Higher-order Coreference Resolution with Coarse-to-fine Inference

Introduction

This repository contains the code for replicating results from

Getting Started

  • Install python (either 2 or 3) requirements: pip install -r requirements.txt
  • Download pretrained models at https://drive.google.com/file/d/1fkifqZzdzsOEo0DXMzCFjiNXqsKG_cHi
    • Move the downloaded file to the root of the repo and extract: tar -xzvf e2e-coref.tgz
  • Download GloVe embeddings and build custom kernels by running setup_all.sh.
    • There are 3 platform-dependent ways to build custom TensorFlow kernels. Please comment/uncomment the appropriate lines in the script.
  • To train your own models, run setup_training.sh
    • This assumes access to OntoNotes 5.0. Please edit the ontonotes_path variable.

Training Instructions

  • Experiment configurations are found in experiments.conf
  • Choose an experiment that you would like to run, e.g. best
  • Training: python train.py <experiment>
  • Results are stored in the logs directory and can be viewed via TensorBoard.
  • Evaluation: python evaluate.py <experiment>

Demo Instructions

  • Command-line demo: python demo.py final
  • To run the demo with other experiments, replace final with your configuration name.

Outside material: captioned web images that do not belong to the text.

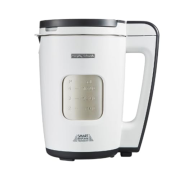 Morphy Richards 501020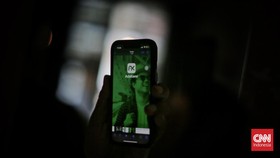 4 Hasil Pertemuan OJK - AdaKami Buntut Dugaan Bunuh Diri Gegara Pinjol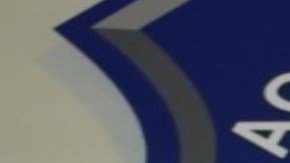 Omar Alfredo, alias el Fredy de La Empresa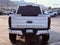 2019 Ford F-350 Base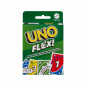 UNO kortos „FLEX“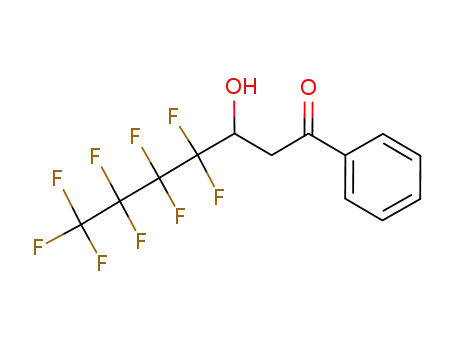 105602-65-1 Structure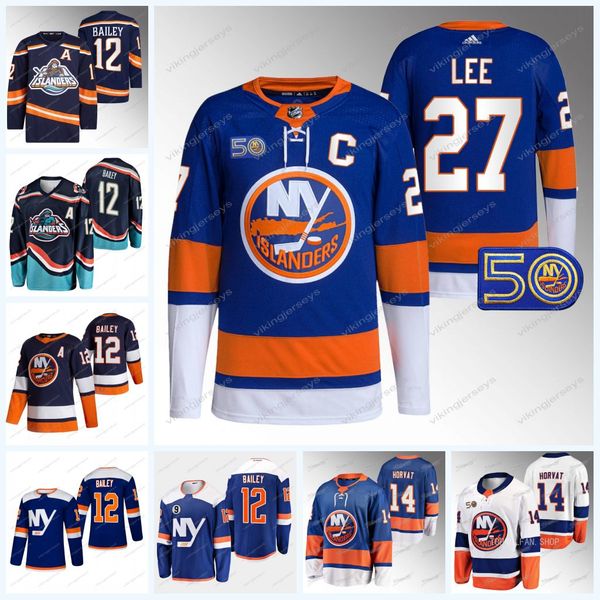 islanders jersey bo horvat anders lee mathew barzal karson kuhlman brock nelson kyle palmieri arnaud durandeau pierre engvall kyle maclean g, Black;red
islanders jersey bo horvat anders lee mathew barzal karson kuhlman brock nelson kyle palmieri arnaud durandeau pierre engvall kyle maclean g, Black;red
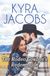 The Rodeo Cowboy's Redemption: A friends-to-lovers cowboy romance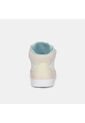 Bota Para Niña Bubblegummers Multicolor Virginia Camelia de Bubblegummers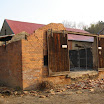 p4300018.jpg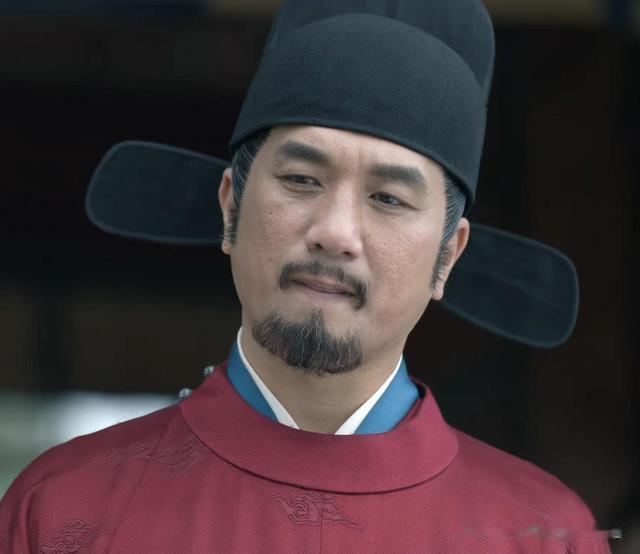 《藏海传》庄之行大结局:以一己之力破藏海死局,终复平津侯爵位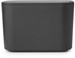 Pojemnik na odpadki MindSet Dark Grey BRABANTIA
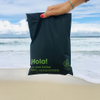 Biodegradable Mailer Bag,compostable Mailer Bag,courier Bag,Envelope Bags 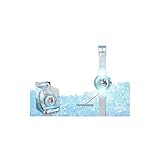 Disney Frozen – Digitaluhr (Kids wd17490)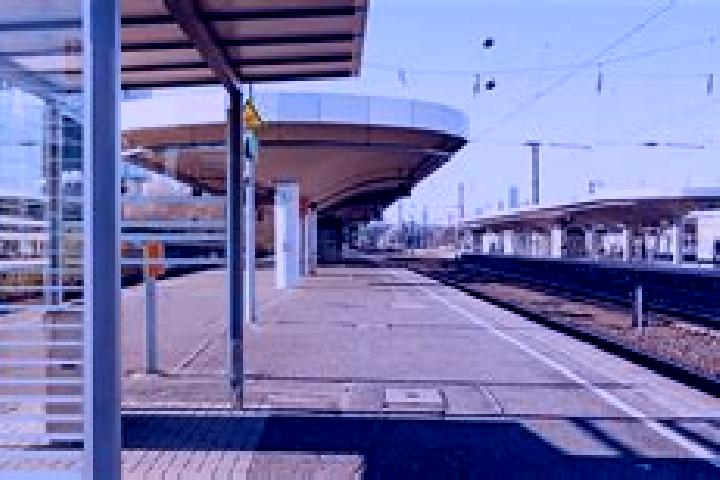 escort Oberneisen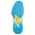 Теннисные кроссовки Babolat Jet Mach 3 All Court W Coral/Gold Fusion
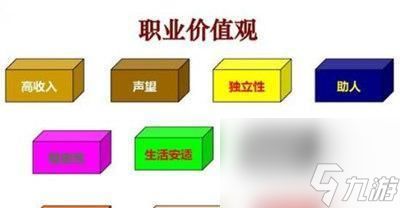 《探索传世渣渣辉者的职业特点及优势》(揭秘游戏《传世渣渣辉者》中职业选择的最佳策略)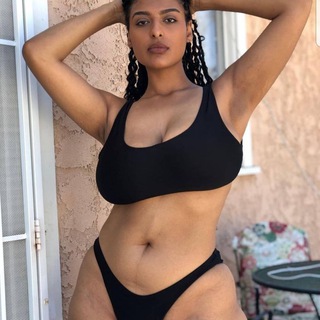 Habesha Wesib Daily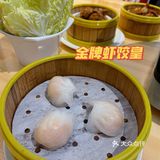 来到宝知琳想起关之琳 | 打卡人均80的高性价比打边炉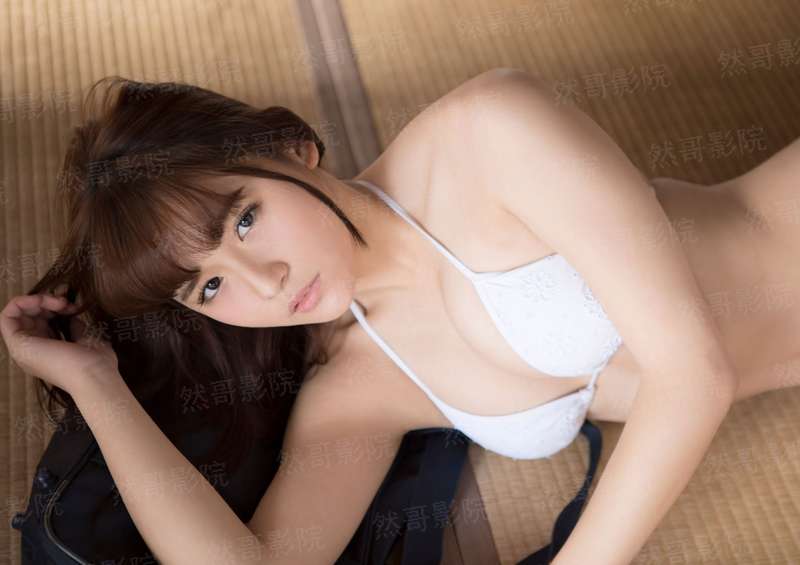 心许清欢莫问寒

Batched Prediction Instructions

  • Create a file where each line is in the following json format (make sure to strip the newlines so each line is well-formed json):
{
  "clusters": [],
  "doc_key": "nw",
  "sentences": [["This", "is", "the", "first", "sentence", "."], ["This", "is", "the", "second", "."]],
  "speakers": [["spk1", "spk1", "spk1", "spk1", "spk1", "spk1"], ["spk2", "spk2", "spk2", "spk2", "spk2"]]
}
  • clusters should be left empty and is only used for evaluation purposes.
  • doc_key indicates the genre, which can be one of the following: "bc", "bn", "mz", "nw", "pt", "tc", "wb"
  • speakers indicates the speaker of each word. These can be all empty strings if there is only one known speaker.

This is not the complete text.